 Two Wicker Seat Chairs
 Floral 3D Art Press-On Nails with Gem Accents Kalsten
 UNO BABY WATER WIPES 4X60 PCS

==*==

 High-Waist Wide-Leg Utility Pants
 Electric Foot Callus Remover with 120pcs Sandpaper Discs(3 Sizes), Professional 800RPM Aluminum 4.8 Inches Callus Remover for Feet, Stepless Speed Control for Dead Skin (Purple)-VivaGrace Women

==*==

* **Task to carry out**: The required output is every line above from the one with "High-Waist Wide-Leg Utility Pants" down to the one with "Electric Foot Callus", restated word for word, ends included.

* **Written solution**:
 High-Waist Wide-Leg Utility Pants
 Electric Foot Callus Remover with 120pcs Sandpaper Discs(3 Sizes), Professional 800RPM Aluminum 4.8 Inches Callus Remover for Feet, Stepless Speed Control for Dead Skin (Purple)-VivaGrace Women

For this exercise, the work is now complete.